I felt unprepared for this calling, and I replied, “Behold, I cannot speak: for I am a child.”
The Lord replied, “Say not, I am a child: for thou shalt go to all that I shall send thee, and whatsoever I command thee thou shalt speak.
“Be not afraid of their faces: for I am with thee to deliver thee.” The Lord then “touched my mouth” and put words into it.2
I prophesied in Jerusalem for 40 years, from 626 to 586 b.c., during the reigns of Josiah, Jehoiakim, and Zedekiah.3 I was a contemporary of the Book of Mormon prophet Lehi. We both condemned the wickedness of the people in Jerusalem and foretold the destruction of that great city.4
The Lord commanded me to record my prophecies in “a roll of a book.”5 When King Jehoiakim heard the prophecies, he burned the roll. The Lord commanded me to write the prophecies again and add many more to them.6
I faced continuous opposition as I preached the Lord’s word. Pashur, the son of the chief governor, smote me and put me in the stocks.
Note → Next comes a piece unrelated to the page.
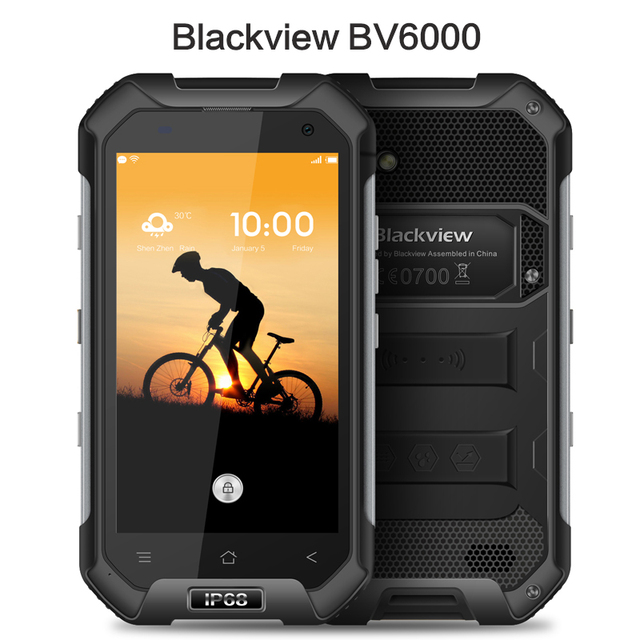 Оригинал BLACKVIEW BV6000 4G LTE Водонепроницаемый MTK6755 4.7 "HD Окта Ядро Android 6.0 Мобильный Телефон 3 ГБ RAM 32 ГБ ROM 13.0MP сотовый телефон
The mobs wanted to put me to death for my preaching. I was an unpopular prophet, often cast into dungeons and prisons. I lived in a time of truly great wickedness.7
But despite living in the midst of tribulation, the Lord allowed me to foresee that the Israelites would be gathered in the last day, that the Lord would write His law “in their hearts,” and that He would bring “one of a city, and two of a family” to Zion.8
As I continued to preach the Lord’s word—even when it was difficult—I learned that an inward commitment to the gospel leads to peace. As we develop individual fellowship with the Lord, we can all experience hope amid trials and tribulation.